Yes, what a way to cap a day of property loss and civic terror!

 

 

 

“But here’s one anyway.”

 

 


Muir’s has been discussed here before, since this year’s 1920s ads were taken from Maclean’s, a Canadian publication.

I don’t know why the chocolates were so ominous.

 

 

I think we can all agree on the usefulness of a good Horrockses Nainsook:

 

 

Nainsook is a fabric. But does it say Horrockses on the Madapolam selvedge?

The company goes back a ways:

The company was formed by John Horrocks in 1791. John Horrocks was the son of Mr John Horrocks, a quarry master and manufacturer of millstones at Edgworth near Bolton.

That's in England.

It merged and disappeared. As they do. Why did they have stylized mice for a logo? Search for an answer, and you get . . . an ashtray.

You know the quantity and variety of consumer goods has yet to hit its peak when this much time and money goes into selling you valve stem caps:

 

 

Pity the poor allegorical maiden who landed this job. Well, it’s a start! Perhaps after a few decades I can work up to safety pins, or butter!

I don’t think this was news to anyone:

 

That’s just a lot of hair. Half your day would be spent maintaining your hair.

 

 

Splendid for children! Basically okay for men, who shouldn’t be concerned about such things.

It’s MULSIFIED. This is different from being emulsified? The latter means “cause to become an emulsion; make into an emulsion.” This does not help if you’re unclear on the root word. So, Emulsion: “a colloid in which both phases are liquids; ‘an oil-in-water emulsion’”

Oh for God’s sake. Another definition: “ 1 a fine dispersion of minute droplets of one liquid in another in which it is not soluble or miscible.”
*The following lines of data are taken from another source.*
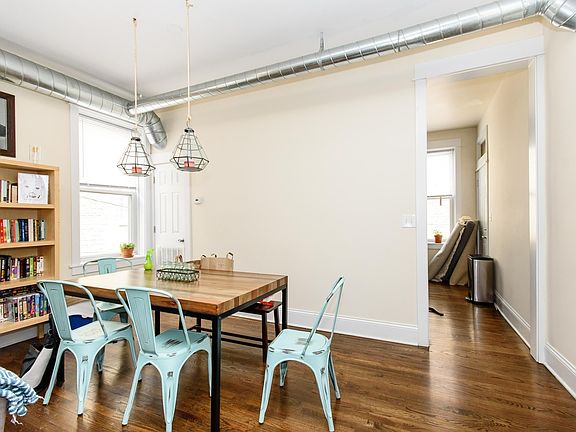 4th image of 2306 W Walton St #3W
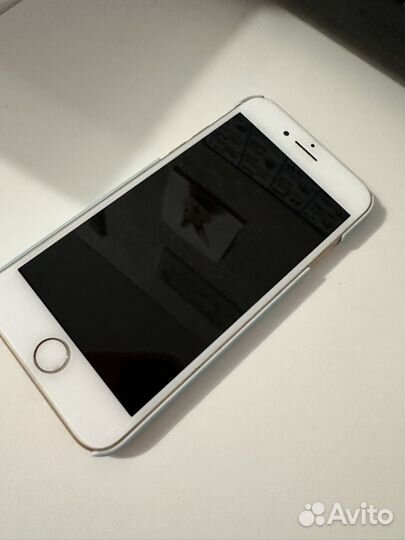 iPhone 8, 64 ГБ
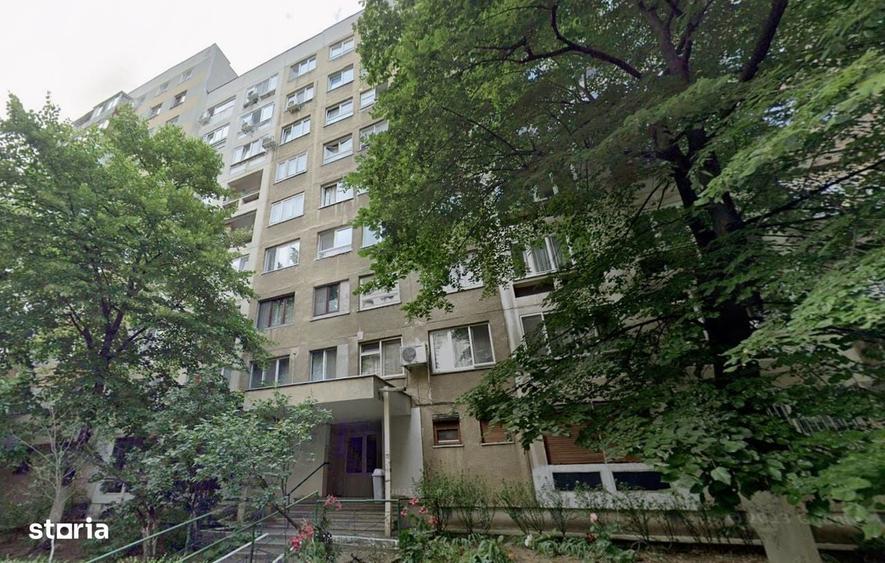 Apartament cu 3 camere decomandat în Tineretului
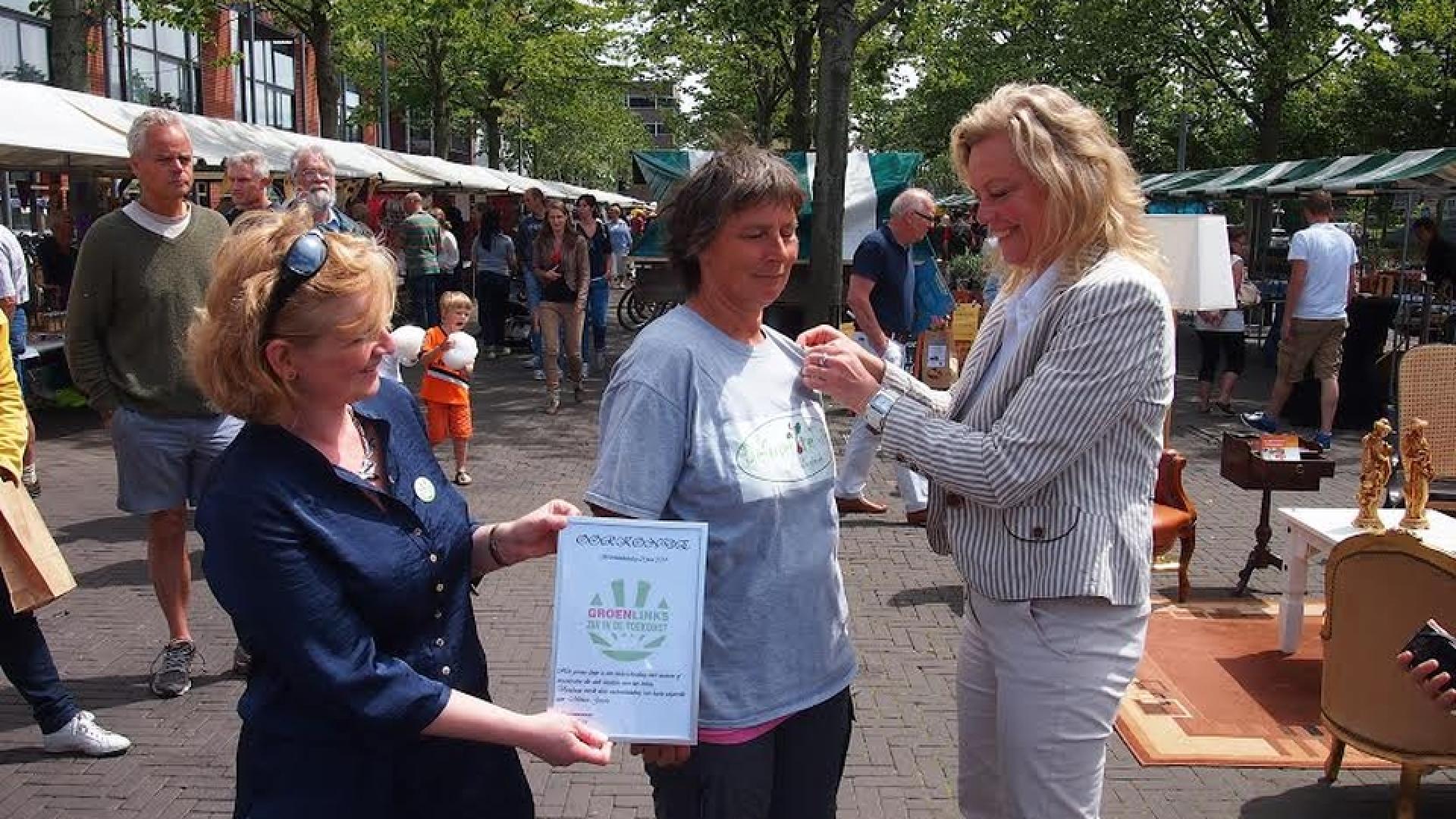 nicole mulder reikt groene lintje uit aan miriam geurts.jpg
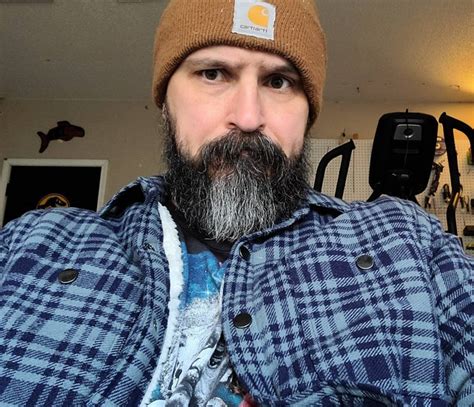 Getting Cold Out But My Beards Keeping Me Warm Rbeards
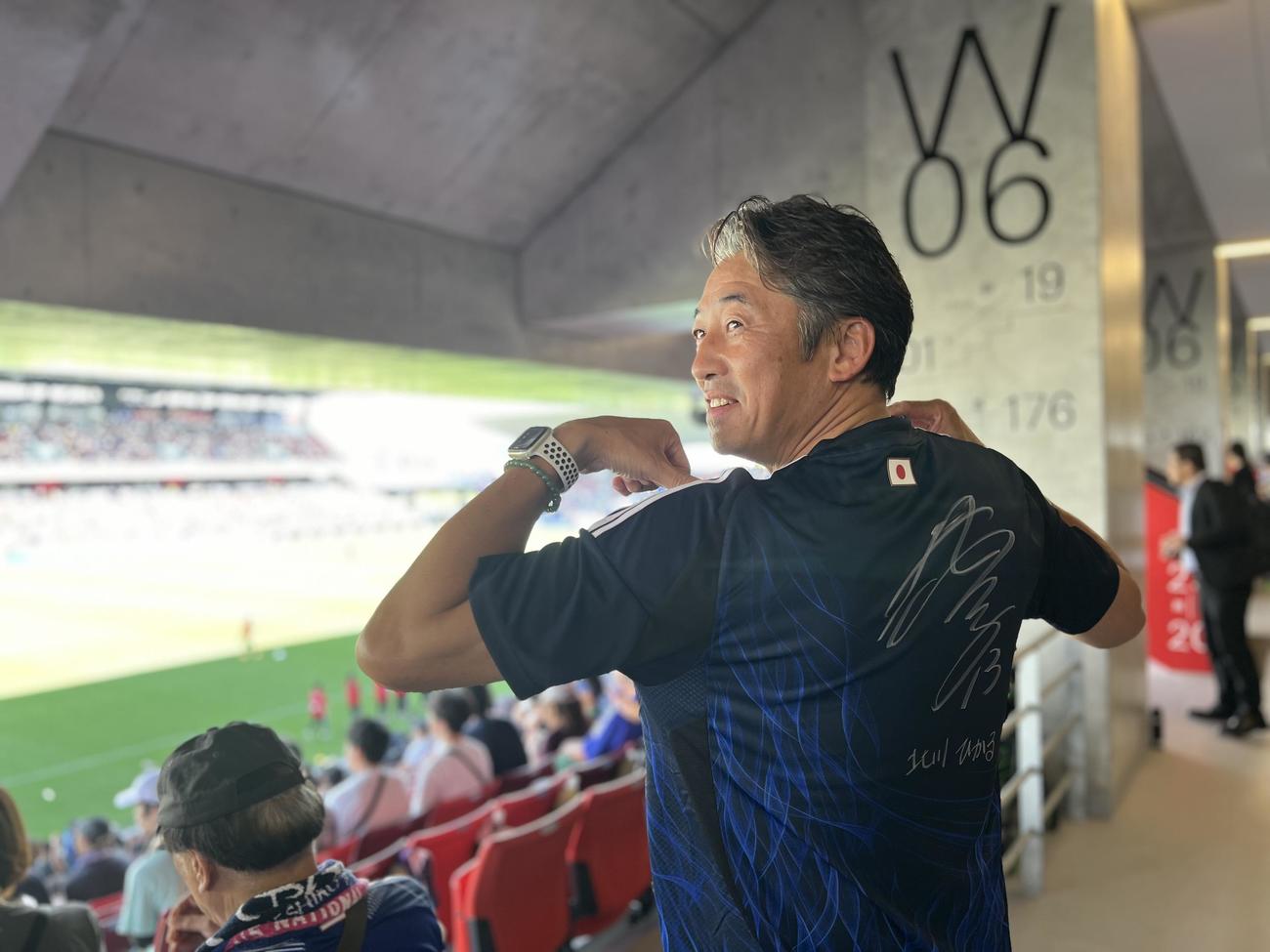 パリ五輪サッカー女子日本代表DF北川ひかるが小学校の頃に在籍した菊川FC Jr．の後藤保秀コーチ（撮影・佐藤成）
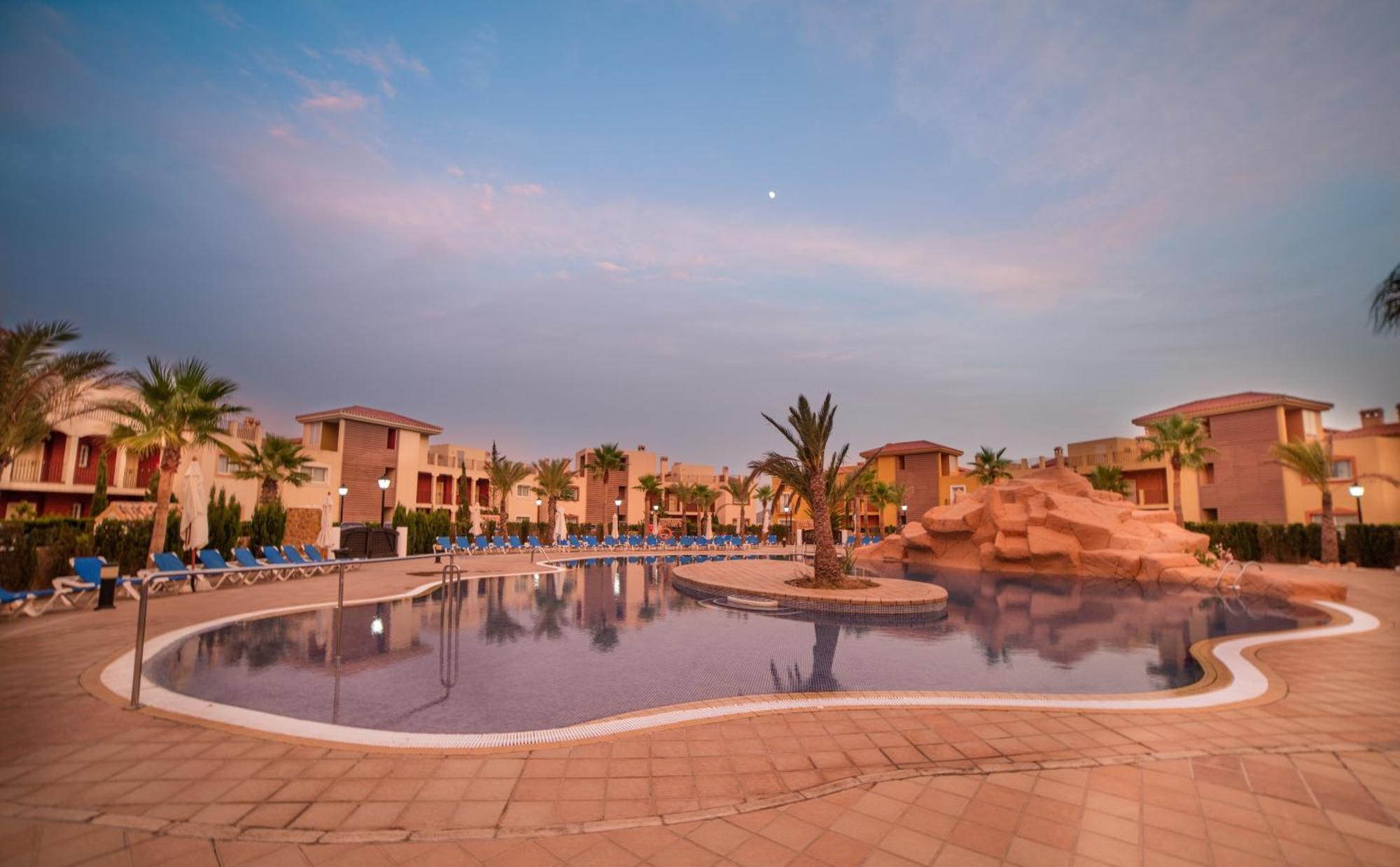 Ona Lomas Village - La Manga Club Εξωτερικό φωτογραφία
Miscible? “Forming a homogeneous mixture when added together.”

So basically it’s goop, not goop and oil.

Puts a “snap and tingle” in your day:

 

That it does, but the pleasure is fleeting, and replaced by bored distaste for the small, hard piece of gum you are working to no good effect.

1921: Still better than 1911. And not as good as what they could buy in 1931.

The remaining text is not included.